Иногда нам удается, пусть краткое время, прожить тихо, как неодушевленный предмет, но напряженно-внимательно, как полноценный человек, и тогда мы становимся свидетелями удивительных событий.

Ранним утром я остановился поглядеть на только что расцветшие ирисы, как вдруг один лепесток выскочил из острой шишечки, за секунду до того еще бывшей бутоном. Одним махом бутон превратился в цветок. Отогнутый его лепесток, верно, казался насекомым пестрой посадочной площадкой или крылечком. Дверь нектарной лавки стояла настежь, и цветная вывеска сулила: мед в обмен на пыльцу!

Может, то был тихий утренний ветерок, а может, многократно умноженные воздухом взмахи крылышек комара или еще более неприметные колебания, вроде радиоволн, послужили толчком к тому, чтобы раскрылся цветок ириса. Слишком мало мы еще знаем о разнообразных колебаниях и волнах мироздания, которые наверняка и нас толкают к тем или иным высказываниям и поступкам.

Болтун

Скворцы подражают пению или чириканью других птиц. Если держать их в одиночестве, они повторяют за человеком даже целые фразы. А бывают, как известно, и люди-скворцы.

Рассказывают, что десятки лет назад некий органист держал в клетке скворца. Когда однажды тот улетел от своего хозяина и вместе с другими скворцами угодил в сеть птицелова, он протрещал фразу, которую частенько слышал от своего хозяина: «Я кантор из Ютеборга». Суеверный птицелов перепугался и отпустил этого скворца, а заодно и его сородичей на волю.

Скворец, что живет в скворечнике справа от моего уставленного цветами окна, иногда поет целые строфы, заимствованные из песен хохлатого жаворонка. Наверняка он зимовал неподалеку от него, и грустная жавороночья мелодия запечатлелась в скворечьем мозгу. Песня серой птички-сестрички, видно, произвела большое впечатление на моего скворца.

Аист и трактор

Комбайны прошли по полям, рожь была сжата, обмолочена, зерно и солома вывезены, самые жаркие дни года остались позади.

В прежние времена поэты с грустью пели о ветре, что гуляет над жнивьем.

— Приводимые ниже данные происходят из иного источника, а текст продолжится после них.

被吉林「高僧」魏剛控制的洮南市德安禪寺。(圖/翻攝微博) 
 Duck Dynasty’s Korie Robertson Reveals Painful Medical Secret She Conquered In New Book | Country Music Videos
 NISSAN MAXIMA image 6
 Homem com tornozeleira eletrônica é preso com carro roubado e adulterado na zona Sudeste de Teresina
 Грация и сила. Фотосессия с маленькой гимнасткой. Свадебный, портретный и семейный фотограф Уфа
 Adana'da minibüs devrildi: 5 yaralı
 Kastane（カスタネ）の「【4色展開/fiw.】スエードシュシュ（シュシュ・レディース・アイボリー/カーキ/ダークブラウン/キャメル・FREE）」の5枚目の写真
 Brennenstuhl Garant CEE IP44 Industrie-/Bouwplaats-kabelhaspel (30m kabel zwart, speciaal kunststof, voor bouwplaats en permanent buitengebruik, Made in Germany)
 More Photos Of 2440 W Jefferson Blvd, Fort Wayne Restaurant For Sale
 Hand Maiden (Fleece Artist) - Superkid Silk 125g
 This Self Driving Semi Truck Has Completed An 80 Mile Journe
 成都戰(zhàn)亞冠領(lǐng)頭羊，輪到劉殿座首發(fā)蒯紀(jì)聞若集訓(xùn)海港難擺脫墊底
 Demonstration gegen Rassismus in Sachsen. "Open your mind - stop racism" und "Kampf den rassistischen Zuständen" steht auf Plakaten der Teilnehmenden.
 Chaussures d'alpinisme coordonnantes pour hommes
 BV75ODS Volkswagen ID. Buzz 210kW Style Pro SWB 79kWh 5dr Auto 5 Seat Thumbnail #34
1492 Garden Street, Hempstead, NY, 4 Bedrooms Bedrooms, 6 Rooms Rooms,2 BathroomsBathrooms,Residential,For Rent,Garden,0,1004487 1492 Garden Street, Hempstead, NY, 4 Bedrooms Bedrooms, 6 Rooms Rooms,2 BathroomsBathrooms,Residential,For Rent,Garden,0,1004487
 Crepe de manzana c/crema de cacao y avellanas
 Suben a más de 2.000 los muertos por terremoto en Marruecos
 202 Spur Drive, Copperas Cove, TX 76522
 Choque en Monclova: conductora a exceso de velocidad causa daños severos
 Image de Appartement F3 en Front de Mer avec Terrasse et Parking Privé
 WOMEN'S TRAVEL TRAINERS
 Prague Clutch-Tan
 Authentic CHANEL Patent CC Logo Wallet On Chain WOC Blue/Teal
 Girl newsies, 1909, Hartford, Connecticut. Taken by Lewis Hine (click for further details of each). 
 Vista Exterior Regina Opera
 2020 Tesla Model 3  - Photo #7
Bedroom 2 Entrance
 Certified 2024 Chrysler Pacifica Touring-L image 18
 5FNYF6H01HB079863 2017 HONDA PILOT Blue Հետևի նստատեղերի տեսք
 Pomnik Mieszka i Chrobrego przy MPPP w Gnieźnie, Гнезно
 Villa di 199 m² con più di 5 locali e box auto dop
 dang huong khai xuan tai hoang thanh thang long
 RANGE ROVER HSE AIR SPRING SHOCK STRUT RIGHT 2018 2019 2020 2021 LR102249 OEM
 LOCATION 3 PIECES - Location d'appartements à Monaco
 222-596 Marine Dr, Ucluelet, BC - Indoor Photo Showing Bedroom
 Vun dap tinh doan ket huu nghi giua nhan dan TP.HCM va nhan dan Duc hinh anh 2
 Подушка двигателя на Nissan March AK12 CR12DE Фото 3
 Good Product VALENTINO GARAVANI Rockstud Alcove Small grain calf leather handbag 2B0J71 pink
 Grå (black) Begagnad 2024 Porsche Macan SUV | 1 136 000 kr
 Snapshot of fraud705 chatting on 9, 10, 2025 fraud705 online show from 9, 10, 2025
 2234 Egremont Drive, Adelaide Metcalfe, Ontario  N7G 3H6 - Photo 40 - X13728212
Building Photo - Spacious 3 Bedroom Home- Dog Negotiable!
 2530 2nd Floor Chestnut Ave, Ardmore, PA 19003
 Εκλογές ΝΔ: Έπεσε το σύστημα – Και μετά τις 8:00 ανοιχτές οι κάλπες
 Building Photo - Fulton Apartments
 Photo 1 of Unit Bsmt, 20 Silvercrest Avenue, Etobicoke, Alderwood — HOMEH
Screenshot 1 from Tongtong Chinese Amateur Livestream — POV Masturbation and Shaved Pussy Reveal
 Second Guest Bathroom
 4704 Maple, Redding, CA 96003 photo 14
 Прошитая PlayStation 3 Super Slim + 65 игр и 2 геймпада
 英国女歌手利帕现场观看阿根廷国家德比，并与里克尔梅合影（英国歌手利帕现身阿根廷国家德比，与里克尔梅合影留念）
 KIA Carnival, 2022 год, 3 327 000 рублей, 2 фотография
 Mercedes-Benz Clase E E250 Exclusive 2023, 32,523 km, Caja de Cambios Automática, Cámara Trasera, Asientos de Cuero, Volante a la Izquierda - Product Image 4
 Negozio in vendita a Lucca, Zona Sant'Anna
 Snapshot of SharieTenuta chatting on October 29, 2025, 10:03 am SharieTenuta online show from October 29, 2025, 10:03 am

Песня устарела: у ветра нет теперь возможности гулять над жнивьем, ибо, свезя горы соломы, тракторы с грохотом возвращаются на поля и лущат стерню, подготовляя почву для пожнивной культуры.

Аист, стоя на уже взбороненной части пашни, пропустил трактор, бросился на свежий след бороны, ткнулся клювом в землю, поймал какую-то трепыхающуюся тварь и сжал половинки клюва. Звук был такой, словно кто-то сложил деревянный циркуль. Аист проглотил добычу и снова ткнулся клювом в землю — он специализировался на ловле мышей.

Трактор вернулся, аист на своих проволочных ногах заковылял в сторонку, трактор протарахтел мимо, аист полулетя поспешил к новой борозде, за новой партией ставших бездомными мышей.

Птица собирала свой урожай с помощью трактора — еще одна сказка нашего времени.